Thank you for spotlighting this moment. Any recommendations on where to read more? I’d love to share with my daughter.

Small soapbox moment, but I think it helps the conversation:

The 100,000 girls playing Little League is very important but even at six years old, kids are self-segregating by sex. Leagues need to apply more effort to recruiting multiple girls to the same team. Concentration, more than quantity, is what will push us ahead quicker. Being the one who is not like all the others at a time when you’re just learning new skills is really difficult.

My daughter plays on an all-girls Little League team (6th in the US when we started three seasons ago, as far as I could tell). Recruiting for the team hasn’t been easy. It’s not a matter of convincing kids though, but parents. Our parents don’t dismiss it because they explicitly think baseball is for boys, but it just never enters the conversations they have with their daughters when it comes time to decide spring activities. Their default mental options don’t include it. Gymnastics, dance, soccer, basketball, but no baseball. When asked why not baseball the answer is always either, ‘oh, I don’t know. I never thought of that’ or ‘do you mean softball?’

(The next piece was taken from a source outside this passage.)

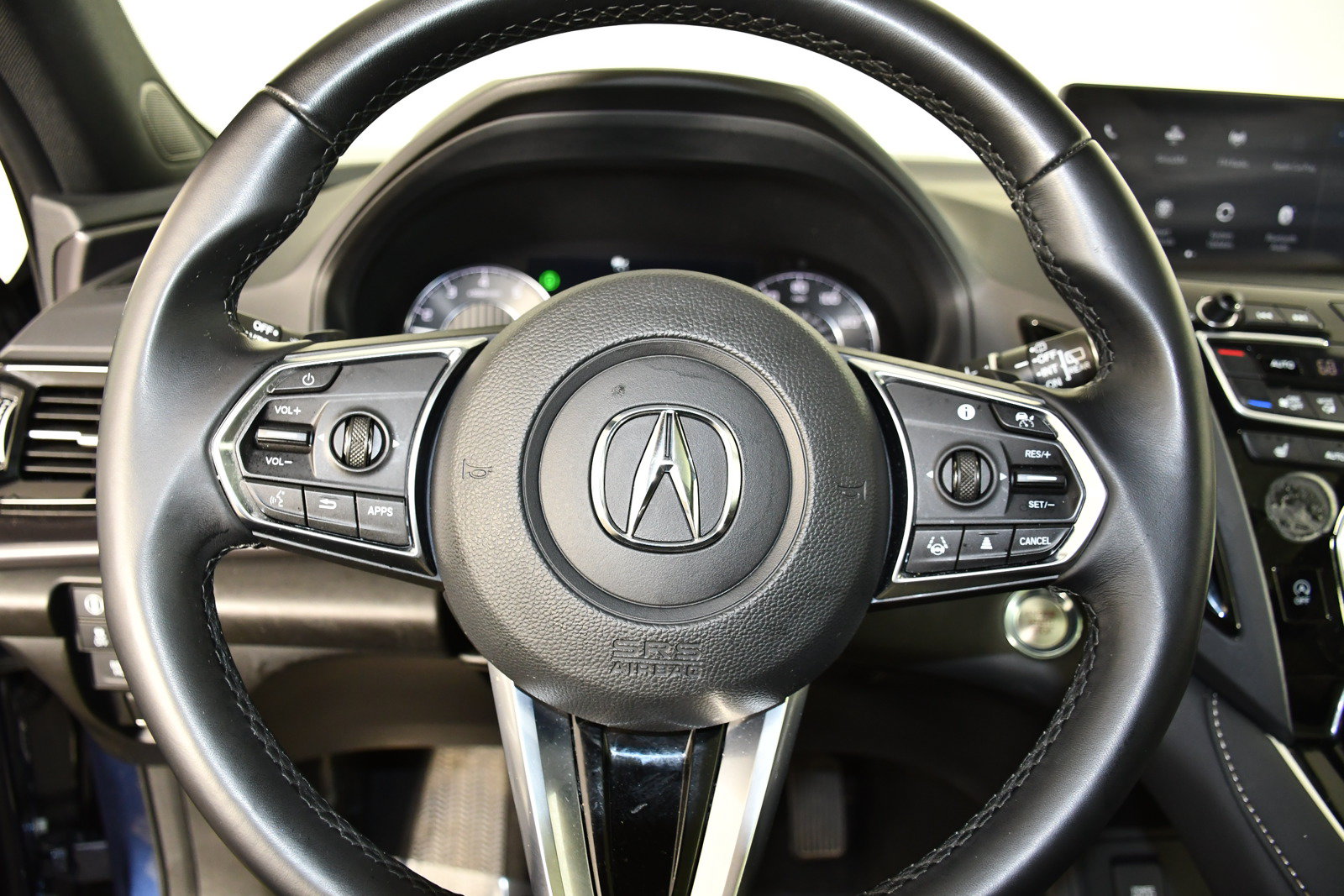 Used 2025 Acura RDX SH-AWD image 19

Progress will be and is being made, but it’s never as fast as we want.

Thank you again.

CliffH
4 years ago

Are you arguing that one day there will be a woman playing in MLB? What about NFL, NBA, NHL?

Doug Lampertmember
4 years ago
Reply to  CliffH

I would not be at all surprised by a woman pitcher making the majors in my lifetime, probably a knuckleballer. I would not be at all surprised by a woman place-kicker making the NFL. The NBA or NHL I’d be very surprised.

JCCfromDCmember
4 years ago
Reply to  Doug Lampert

Yeah. What convinced me that a woman could play in MLB was watching Tim Wakefield pitch. I got the impression that he only wound up because he had been taught to do so, but then would basically stop and push the knuckler at home plate. Any people who think that there isn’t a woman ON THE PLANET who could do that are simply kidding themselves.

a different brad
4 years ago
Reply to  CliffH

Manon Rheaume played in the NHL 27 years ago.

rounders
4 years ago

What’s keeping women out of baseball are the same things that are keeping me out of baseball. Boo hoo.

Chris Kmember
4 years ago

You’ve got an “entree” where you meant “entry”. Unless she was serving up literal meatballs and cheese at the knees.

WARrior
4 years ago

Let’s not forget Jenny Finch, who struck out Bonds and Pujols, among others. That was no fluke. Studies have shown that successful hitting depends critically on tips the batter gets from watching the release of the pitch, and an underhanded softball hurler is not something major league hitters are accustomed to. We could speculate that possibly Jackie Mitchell had a release different from anything that Ruth and Gehrig were familiar with.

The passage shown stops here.